• Action item:
Set down exactly the lines that run from the one containing "Les Anis De" to the end of the material below, both included, without pictures.

• Supplied material:

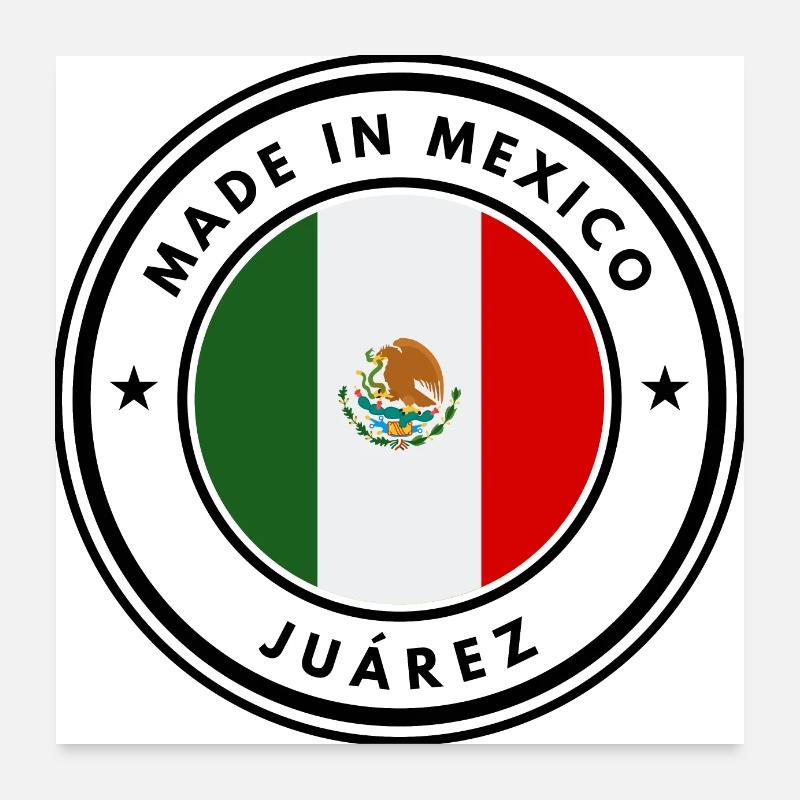 Made in Mexico Juárez Emblem Poster 24" x 24" (60x60 cm)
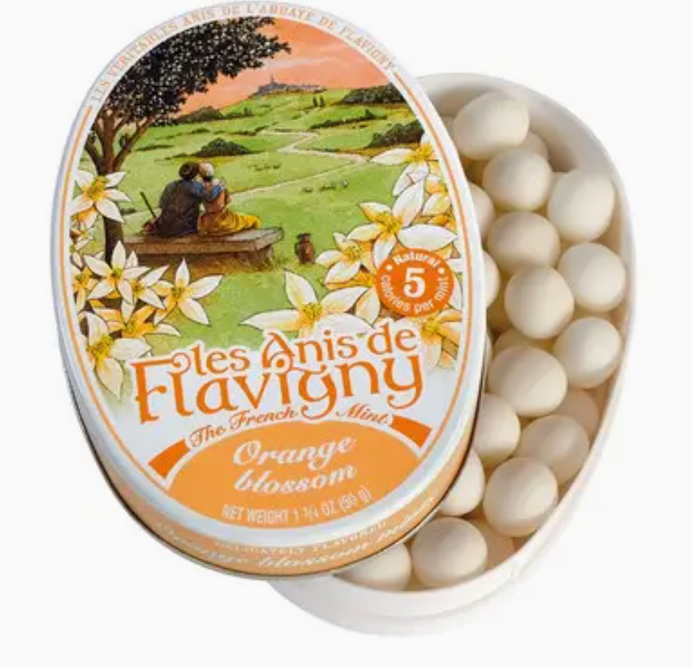 Les Anis De Flavigny All Natural Orange Mints 1.8oz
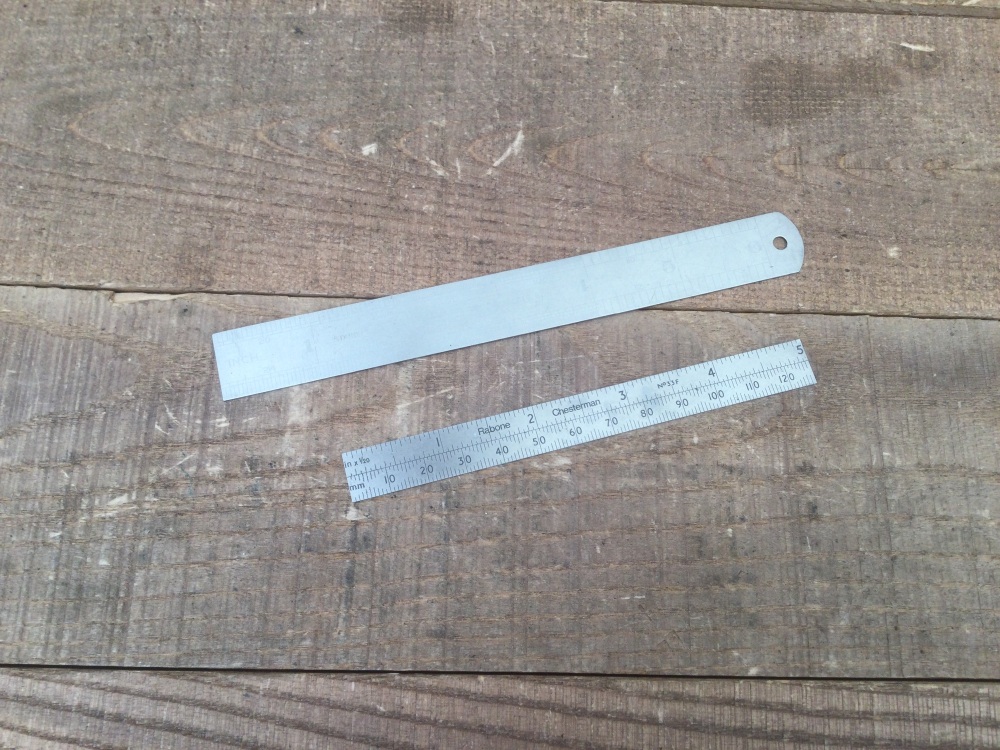Rabone Chesterman Conversion Rule No.35F  & Picador Fig 636 Steel Rule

• Result below:
 Les Anis De Flavigny All Natural Orange Mints 1.8oz
Rabone Chesterman Conversion Rule No.35F  & Picador Fig 636 Steel Rule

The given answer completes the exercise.